Raising her own two children, Jessica wanted to share the lessons she had learned in a cross-cultural work environment to help the next generation to develop cross-cultural competency—and ultimately empower them to avoid the mistakes she made over the course of her international career.
The book has since evolved into an online course curriculum for students in high school and college to help them develop the skills necessary to thrive in diverse workplaces. Jessica also speaks at colleges, universities, and conferences across the U.S..
We sat down with Jessica to get her insight on the role of cross-cultural communication in DEI.
Let’s dive in!
Hi Jessica! Why is cross-cultural communication critical to a successful DEI program?
Jessica Stone: The Institute for the Future of Work ran a recent study on the top 10 skills employers want their employees to have in the workplace. Cross-cultural competency is in the top 10. You don’t have to be a foreign service officer to need this skill set. Educators, tech-based workers, salespeople and others all need cross-cultural communication skills to succeed.

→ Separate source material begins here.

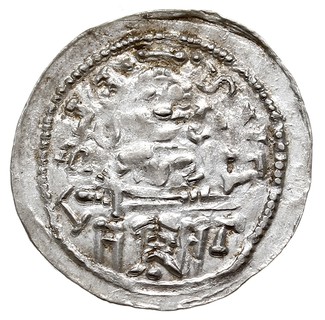Denar 1146-1157, Aw: Książę z mieczem na tronie, BOLEZLAVS, Rw: Głowa w prostokątnej ramce, S ADALBERTVS, srebro 0.47 g, Str. 51, Such. XIX/1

Not only is it a critical skill for individuals to be effective at work, but cultivating the skill is key to advancing DEI initiatives. Companies recognize DEI as an important asset, but they aren’t necessarily making the connection between a strong DEI program and the need for upskilling cross-cultural communication.
In order to maintain a successful DEI program, you not only need a focus on knowledge around race and religion, you need understanding around culture as well. You always have to be upskilling and learning about the other cultural contexts that shape your colleagues and staff. That’s why it’s important to have this conversation in the context of DEI.

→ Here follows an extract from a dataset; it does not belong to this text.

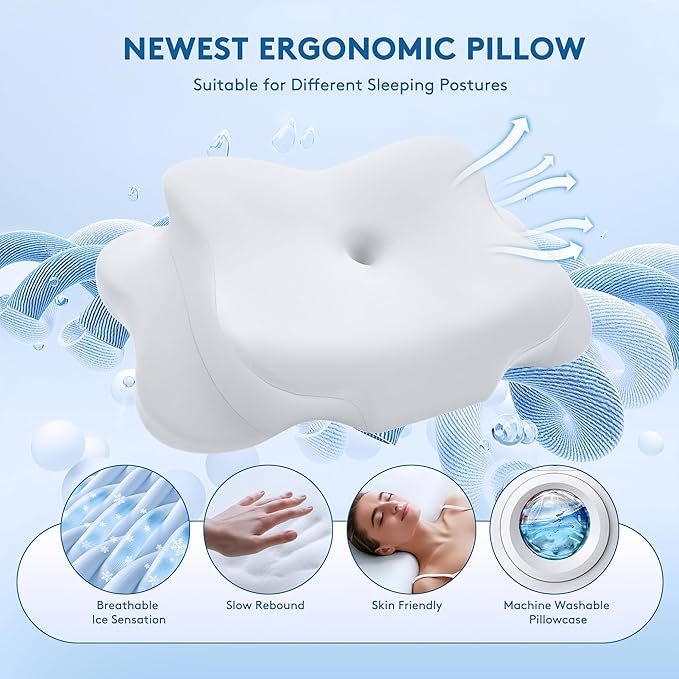 Cervical Pillow for Neck Pain Relief, Cooling Contour Memory Foam Pillows Support Odorless Ergonomic Neck Pillow Adjustable Orthopedic Bed Pillow for Side Back Stomach Sleeper with Pillowcase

Culture often dictates interpersonal communication styles and preferences. In your book, you talk about how you had to adapt your natural communication style to effectively communicate with colleagues from other cultures.
What is your advice to someone who has to manage a global team made up of people who communicate differently?
Jessica Stone: It’s helpful to understand that you are not being disloyal to your culture or to your goals if you adapt your communication to reach a successful outcome. If you want to be successful, you need to find the road that’s most effective.
You also can’t push people out of their comfort zone. I, as an American journalist, was always trained to get past a no, to get to that yes. I was trained to dig in and find answers. Many people in sales and communications are trained not to take no for an answer as well.
Not all cultures respond well to that persistent demand for a definitive answer. For example, some cultures are conflict-averse and shy away from giving an outright no for an answer.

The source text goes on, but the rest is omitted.